Menurut Jean Bodin, kedaulatan adalah kekuasaan tertinggi untuk menentukan hukum
dalam suatu negara. Sederhananya, kedaulatan merupakan hak-hak sebuah negara dalam
mengelola negaranya sendiri tanpa ada tekanan atau intervensi pihak lain.

J. W. Garner dalam A. C. Kapur (1997) menyatakan kedaulatan mempunyai sejumlah


sifat pokok antara lain eksklusivitas, permanen, tunggal, dan tidak terbatas.
1) Eksklusivitas (exclusiveness) berarti tidak ada kekuasaan lain yang menyaingi.
2) Permanen (permanent) berarti kekuasaan itu tetap ada selama negara itu berdiri sekalipun
pemegang kedaulatan sudah berganti-ganti.
3) Tunggal atau tidak terbagi (indivisibility) berarti kekuasaan itu merupakan satu-satunya
kekuasaan tertinggi dalam negara tidak diserahkan atau dibagi-bagikan kepada badan-badan
lain.
4) Tidak terbatas (absoluteness) berarti kekuasaan itu tidak dibatasi oleh kekuasaan lain. Oleh
karena itu, jika ada kekuasaan lain yang membatasinya, kekuasaan tertinggi yang
dimilikinya otomatis lenyap.
c. Macam-Macam Kedaulatan Negara
Terdapat beberapa teori kedaulatan yang dikemukakan oleh para ahli kenegaraan, yaitu
teori kedaulatan Tuhan, teori kedaulatan raja, teori kedaulatan negara, teori kedaulatan hukum,
dan teori kedaulatan rakyat. Berikut penjabaran teori-teori tersebut.
1) Teori Kedaulatan Tuhan
Teori ini merupakan teori kedaulatan yang pertama dalam sejarah yang mengajarkan
bahwa negara dan pemerintah mendapatkan kekuasaan tertinggi dari Tuhan sebagai asal segala
sesuatu (Causa Prima). Menurut teori ini, kekuasaan yang berasal dari Tuhan itu diberikan
kepada tokoh-tokoh negara terpilih yang secara kodrati ditetapkan-Nya menjadi pemimpin
negara dan berperan selaku wakil Tuhan di dunia.
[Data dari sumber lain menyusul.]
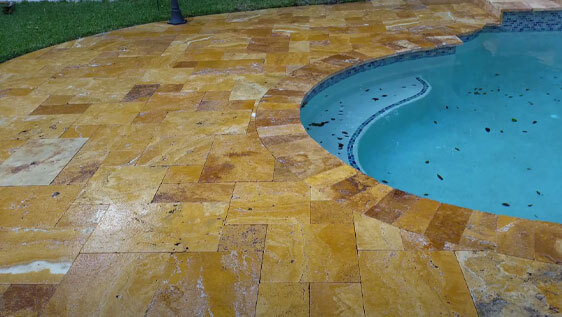 This image shows a pool with a newly resurfaced deck.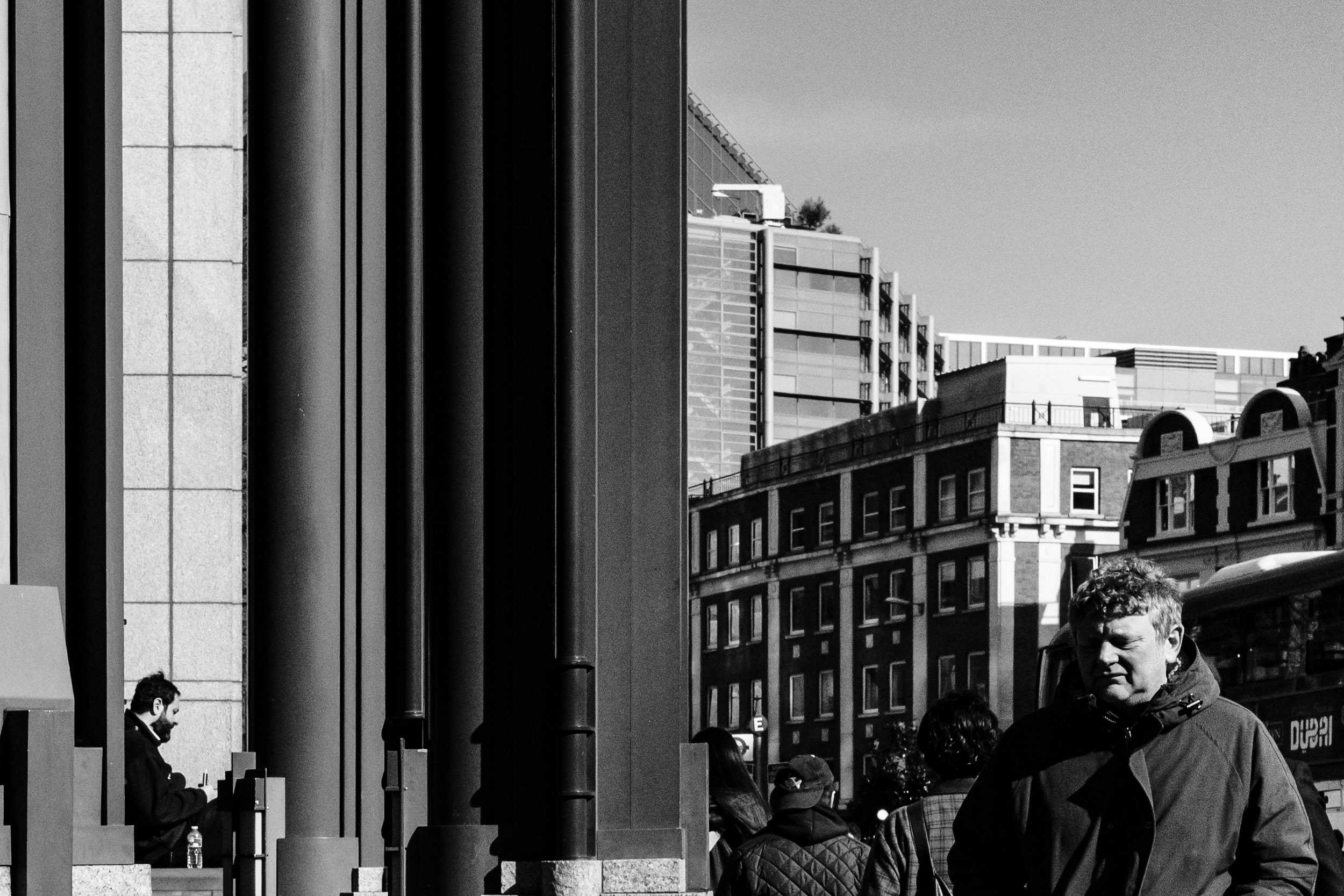 A street in London - two men on each side of the frame.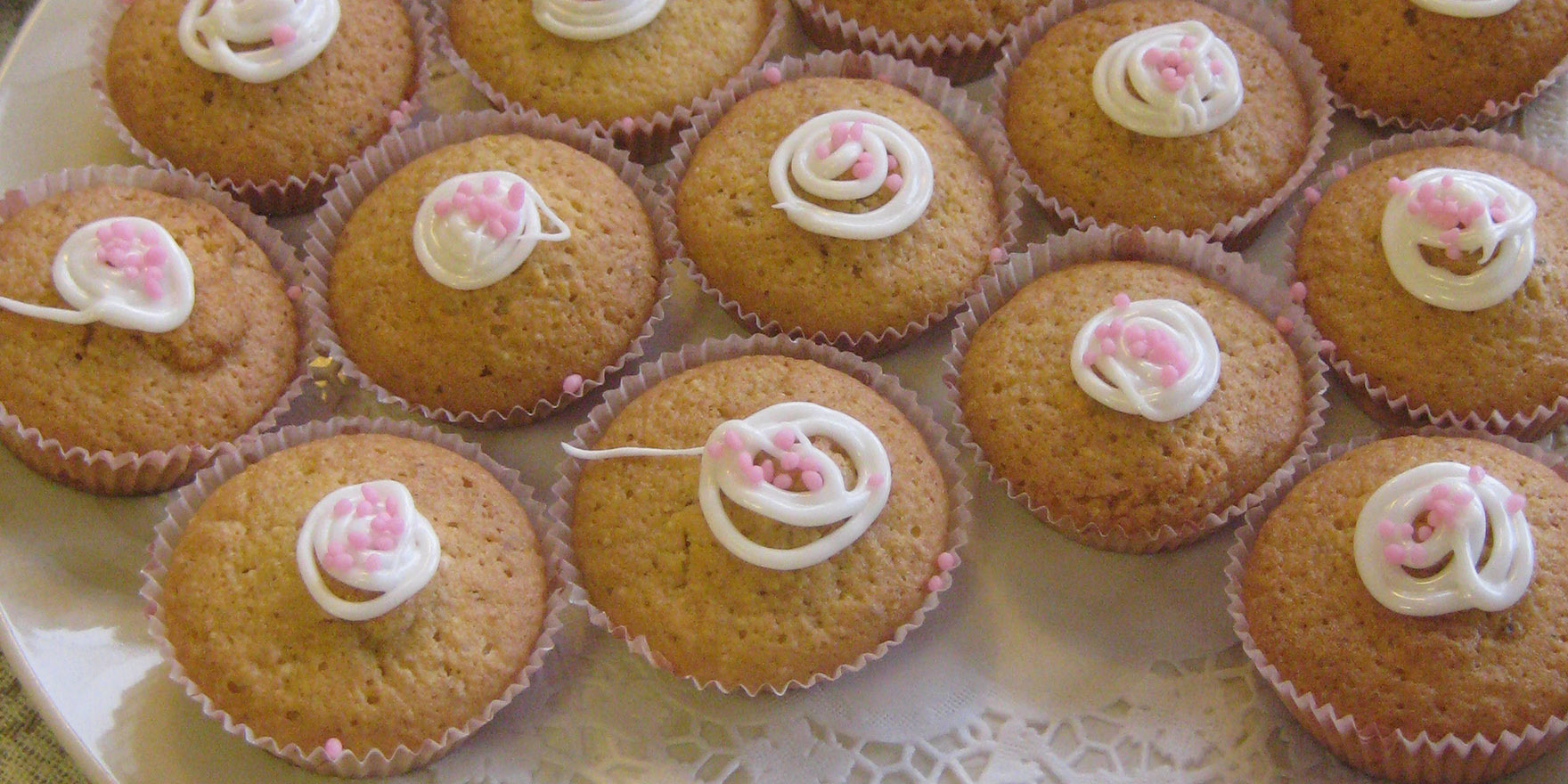 Ryhmä vaaleita pikeerillä koristeltuja kirsikkamuffineita leivosvuoissa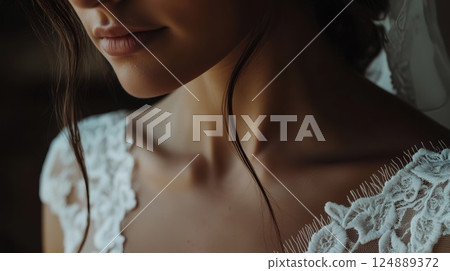 Woman with a white dress and a lace collar. She has a white lace collar on her dress 124889372
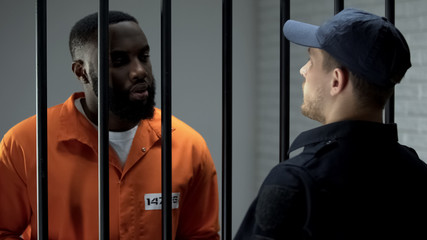 Afro-american prisoner making arrangement with prison guard, corruption in jail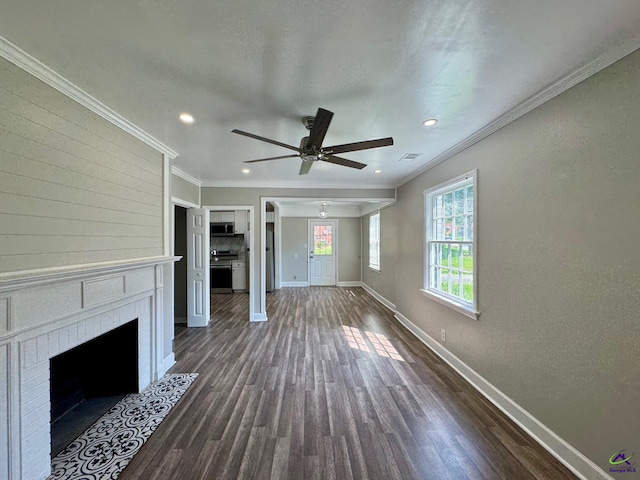 1930 Northbrook Ave, Macon, GA 31204 - unfurnished living room with a ceiling fan, a brick fireplace, dark wood-style floors, crown molding, and recessed lighting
Pelopor teori kedaulatan Tuhan antara lain
Agustinus (354-430), Thomas Aquinas (1215-1274), F. Hegel (1770-1831), dan F. J. Stahl
(1802-1861).
2) Teori Kedaulatan Raja
Selama abad pertengahan, teori kedaulatan Tuhan berkembang menjadi teori kedaulatan
raja. Raja dianggap bertanggung jawab kepada dirinya sendiri. Kekuasaan raja berada di atas
konstitusi. Peletak teori ini adalah Nicolo Machiavelli (1467-1527) dan Thomas Hobbes (1588-
1679).
3) Teori Kedaulatan Negara
Menurut teori ini, kekuasaan tertinggi terletak pada negara. Sumber kedaulatan adalah
negara, yang merupakan lembaga tertinggi kehidupan suatu bangsa. Kedaulatan timbul
bersamaan dengan berdirinya suatu negara. Peletak dasar teori ini antara lain Jean Bodin (1530-
1596), F. Hegel (1770-1831), G. Jellinek (1851-1911), dan Paul Laband (1879-1958).
4) Teori Kedaulatan Hukum
Berdasarkan pemikiran teori ini, kekuasaan pemerintah berasal dari hukum yang berlaku.
Hukumlah (tertulis atau tidak tertulis) yang membimbing kekuasaan pemerintahan. Pelopor
teori kedaulatan hukum antara lain Hugo de Groot (1583-1645), Hugo Krabbe (1857-1936),
Immanuel Kant (1724-1804), dan Leon Duguit (1859-1928)
5) Teori Kedaulatan Rakyat (Teori Demokrasi)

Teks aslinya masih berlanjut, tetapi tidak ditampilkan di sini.